Um aspecto genial para mim no romance é como Jane Austen explora através da relação entre Emma e Jane Fairfax uma questão tão relevante na atualidade – a sororidade (ou a falta dela) entre mulheres. Foi fácil para Emma se aproximar de Harriet, moça em situação social inferior, e oferecer a ela sua amizade e visão de mundo – quase sempre com consequências negativas para Harriet. Ao mesmo tempo, observamos como Emma tem dificuldades para se aproximar de Jane Fairfax. Jane se encontra, em termos práticos, em uma posição menos favorecida do que a nossa protagonista. Apesar disso, Emma reluta em oferecer sua amizade a ela. É como se de alguma forma, ela se sentisse ameaçada pela beleza, elegância e pelas habilidades musicais de Jane Fairfax.
Somente quando a situação de Jane piora significativamente é que Emma a procura. Mas suas tentativas são frustradas, pois o orgulho de Jane a impede de aceitar as atenções de Emma. Acredito que esse tipo de comportamento entre mulheres é muito mais comum do que gostaríamos de admitir, principalmente porque muitas vezes ele acontece de forma não intencional. Quantas vezes não conseguimos vibrar com as conquistas de uma colega, justamente porque elas representam aquilo que mais gostaríamos de ter ou realizar e não conseguimos ainda? Ou quantas vezes não nos sentimos melhores simplesmente ao ver alguém em uma situação pior do que a nossa?
Em uma crítica anônima publicada em 1815 a respeito da obra de Jane Austen (ano em que Emma foi publicado) já se falava sobre a sua habilidade para descrever de forma precisa e realística as pessoas comuns em suas atividades cotidianas, comparando a escritora aos pintores flamengos que, ao invés de escolherem cenas extraordinárias, grandes feitos históricos e dramáticos, preferiam retratar com o máximo de detalhe e fidelidade aquilo que estava diante de seus olhos, as cenas domésticas que aconteciam na sala, por exemplo.
Para mim, Emma é um romance desafiador em vários aspectos, pois nos coloca em confronto com aspectos e dilemas de nossa própria humanidade, como quando hesitamos entre sermos bons e mantermos o orgulho intacto.
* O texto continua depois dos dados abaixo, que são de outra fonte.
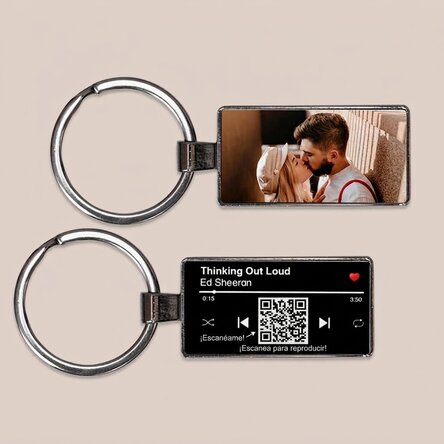 Llavero personalizado con una foto y un código QR - Nuestra canción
Certamente, é um romance inovador, irônico e verdadeiro. O desfecho de Emma passa longe das dramáticas declarações apaixonadas. Ao final, é ao sentir ciúmes que Emma, antes tão contrária ao casamento, acaba se descobrindo apaixonada por seu melhor amigo. Cada personagem da trama acrescenta um toque de realidade maior e uma tonalidade própria à história. Suas interações nos levam a refletir sobre nossas próprias vidas e relações. Não faltam no romance noivados secretos, conspirações, um charmoso mocinho forasteiro, casamentos por interesse, por conveniência e, por que não, por amor?